Cross Vision 5 – Building on tradition
A precis of chapter 5.
This cruciform approach to interpreting Scripture may seem to be new (because it has not been taught in the church for 1500 years. But, in fact, it can be traced back to the early church and (most importantly) to Scripture itself. And in the following ways.
(a) Finding Christ crucified in all of Scripture. Martin Luther has been rightly characterised as ‘the theologian of the cross’. For Luther, the cross was the key to interpreting the Bible. However, he never applied this hermeneutic to the OT ‘texts of terror’.
(b) Looking beyond the surface meaning of the OT text in order to interpret it through the lens of the cross. The idea that we are tied to the original meaning of the text belongs to post-Enlightenment thinking. Thus, for example, Mt 2:15 gives Hos 11:1 a meaning that it could not have had for its original author. We should certainly have great respect for the original meaning of the text. But we should be willing to depart from it where it portrays God as other than the one revealed by the cross. This approach is consistent with a ‘high’ view of the historical nature of the biblical text. For example, it is possible to believe in the historical Flood (and, indeed, that it was a judgement of God) without agreeing with the biblical author that it was God who caused the Flood. Even where an OT story is not securely rooted in history, it is to be regarded as divinely inspired, because Jesus regarded it as such.
(c) Recognising that divine inspiration is relational. Theologians have consistently held that God inspired the text of Scripture through the medium of individual persons (and therefore their personalities, styles, cultural perspectives, and intellectual capabilities. This involves divine accommodation, which implies that their writing reflect, not what God actually is, but what he appears to them to be. The dominant view of God is that he is above time and space, and that all biblical portraits of God as changing his mind, or being affected by what others do, or experiencing surprise, disappointment, frustration, sorrow or grief are divine accommodations. But the incarnation and the cross show that God is not above time, not incapable of change. Focussing on the cross delivers us from metaphysical speculation about the divine nature, and helps us to be concerned primarily with his moral character as a loving God.

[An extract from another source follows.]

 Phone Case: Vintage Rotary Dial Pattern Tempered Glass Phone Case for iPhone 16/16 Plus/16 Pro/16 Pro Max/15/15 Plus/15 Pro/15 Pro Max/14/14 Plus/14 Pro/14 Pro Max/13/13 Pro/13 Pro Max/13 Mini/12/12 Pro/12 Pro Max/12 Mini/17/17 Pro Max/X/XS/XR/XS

(d) Acknowleding that God’s self-revelation is progressive. It is widely accepted that God’s self-revelation in Scripture develops over time. To begin with, he had to deal with his people as spiritual infants, and to adapt his revelation to their fallen nature and culturally conditioned beliefs. As these were gradually peeled away, he was able to reveal more truth about himself. Gregory of Nazianzus (c. 329–390) argued that God first ‘cut off the idol’, but allowed animal sacrifices for a while.
‘So, for a period of time, God graciously stooped to take on the appearance of a deity who enjoys, and even demands, the ritualistic killing of animals. While Yahweh was able to influence the Israelites away from the ANE assumption that gods actually eat these sacrifices, he nevertheless accommodated their culturally conditioned belief that he enjoyed their “pleasing aroma.”’

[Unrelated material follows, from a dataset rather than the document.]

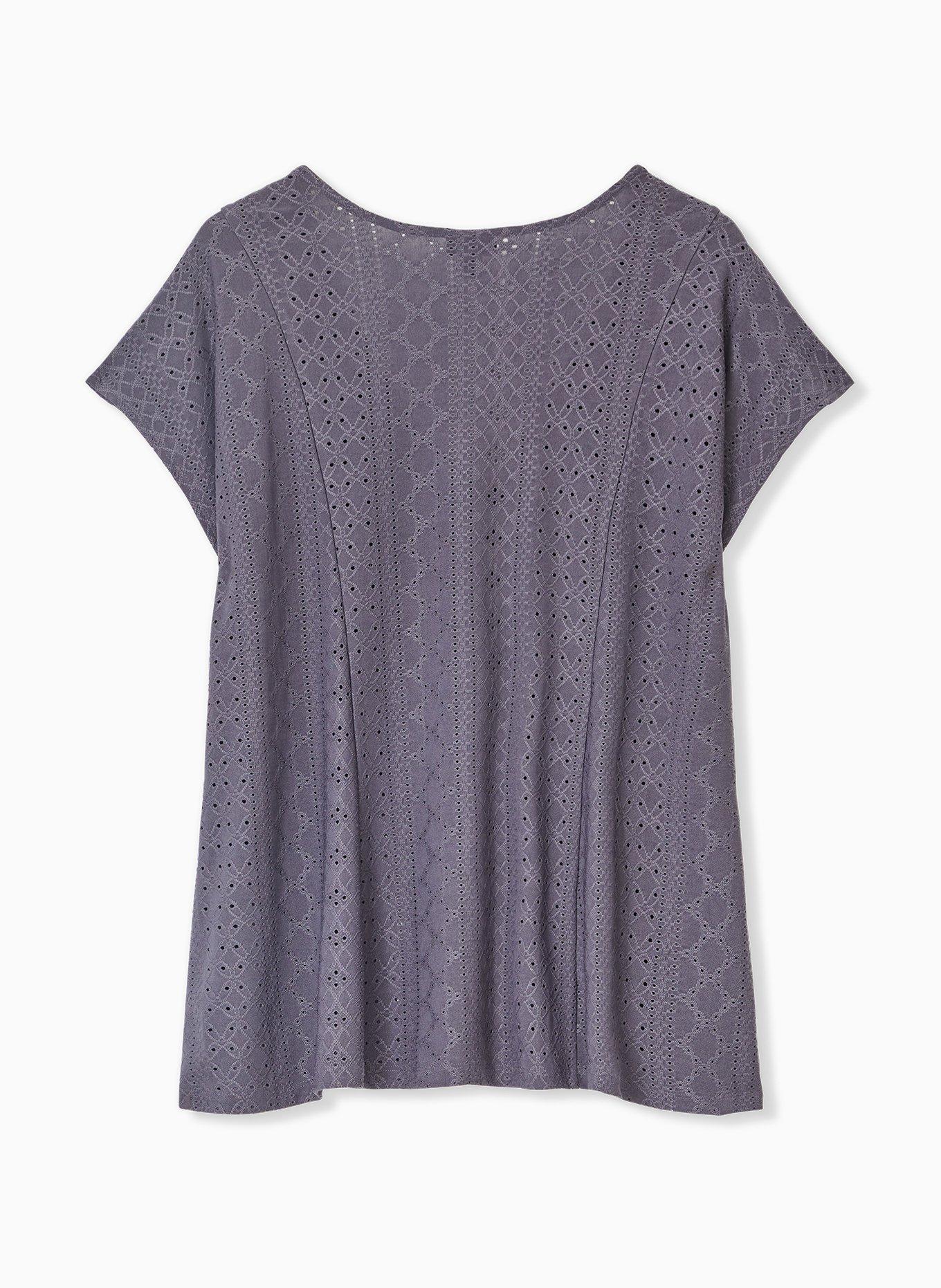 Plus Size Eyelet V-Neck Fit And Flare Midi Top, NINE IRON, alternate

In this way, God led his people by incremental steps away from paganism. He has always revealed his true character as much as possible, while also accommodating the fallen and culturally conditioned state of his people as much as necessary. He was willing, for a time, to allow his people to think of him as a warrior deity, while, in time, he would reveal himself as radically different from the gods of the ANE.

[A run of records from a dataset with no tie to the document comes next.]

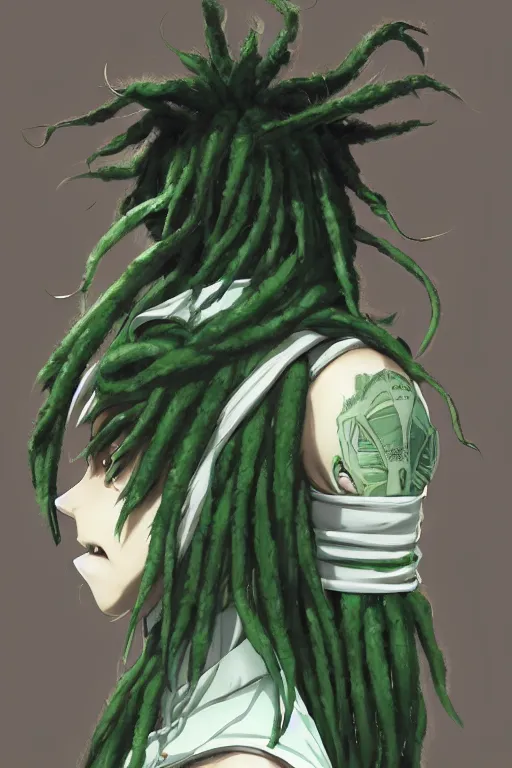 Prompt: portrait of an anime manga guy with green and white dreads, straight on portrait, by artgerm, james jean, tom bagshaw, gerald brom, 4 k, smooth, hd, substance designer render, full body character concept art, symmetrical,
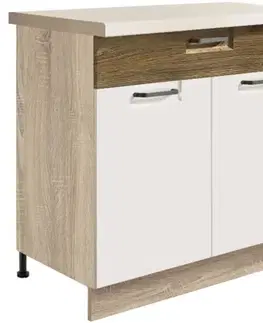 Kuchynské skrinky stojace Skrinka do kuchyne Favorit 6d Sonoma/White+Ribbeck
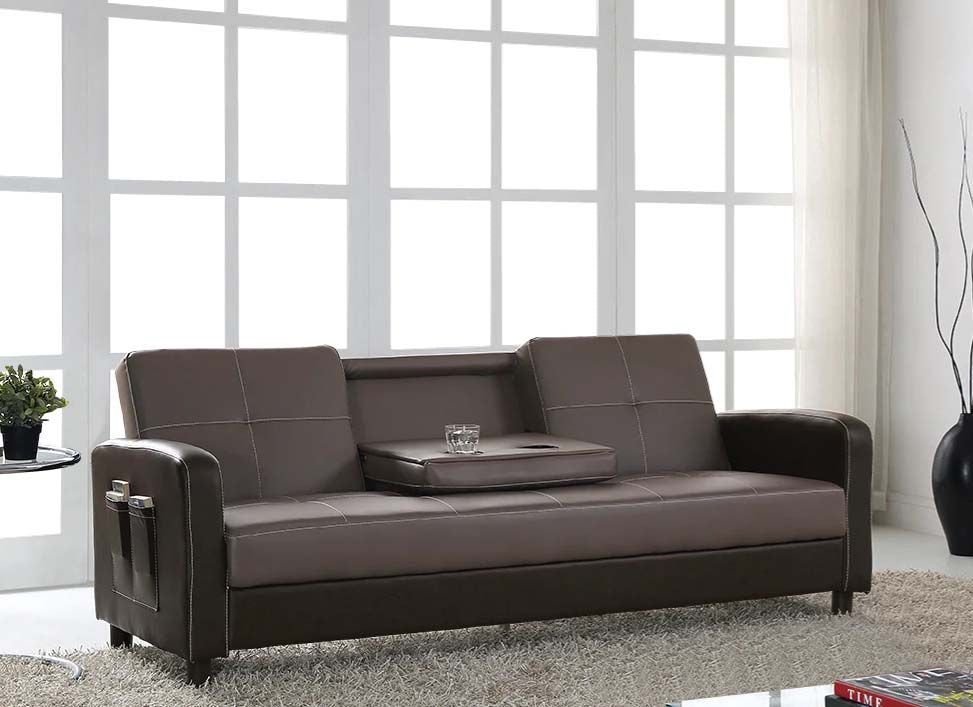 Florida 3 Seater Faux Leather Sofa Bed - Ash Grey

This view differs from that of most evangelicals, who agree that revelation is progressive, but deny that later revelation ever denies or contradicts earlier revelation.
Which brings us back to the cross:
‘If any aspect of God has needed to be progressively revealed to people over time, it concerns God’s nonviolent, self-sacrificial, loving character. For it is on precisely this point that the true God revealed in the crucified Christ most thoroughly contrasts with the way fallen humans have always tended to conceive of God and the gods, including, unfortunately, with the way most Christians have conceived God throughout history!’
Reflecting on Church History
Since the 5th century, the concepts of progressive revelation have not been applied to the OT’s violent portraits of God. This failure may be attributed to the conversion of Constantine, the establishment of the ‘Holy Roman Empire’ and the redefinition of God as a warrior deity. The persecuted church became the persecuting church. And the OT portrait of a violent God became less problematic.
‘At its heart, this entire book could be summed up as a plea for Christians to once again place their complete trust in the cross. Dare to believe that God really is, to the core of his being, as beautiful as the cross reveals him to be. For if our faith in the crucified Christ remains resolved, we will necessarily believe that something else is going on when we encounter sub-Christlike portraits of God in Scripture. And we will by faith discern that this something else is the same thing that was going on when God breathed his full revelation on Calvary.’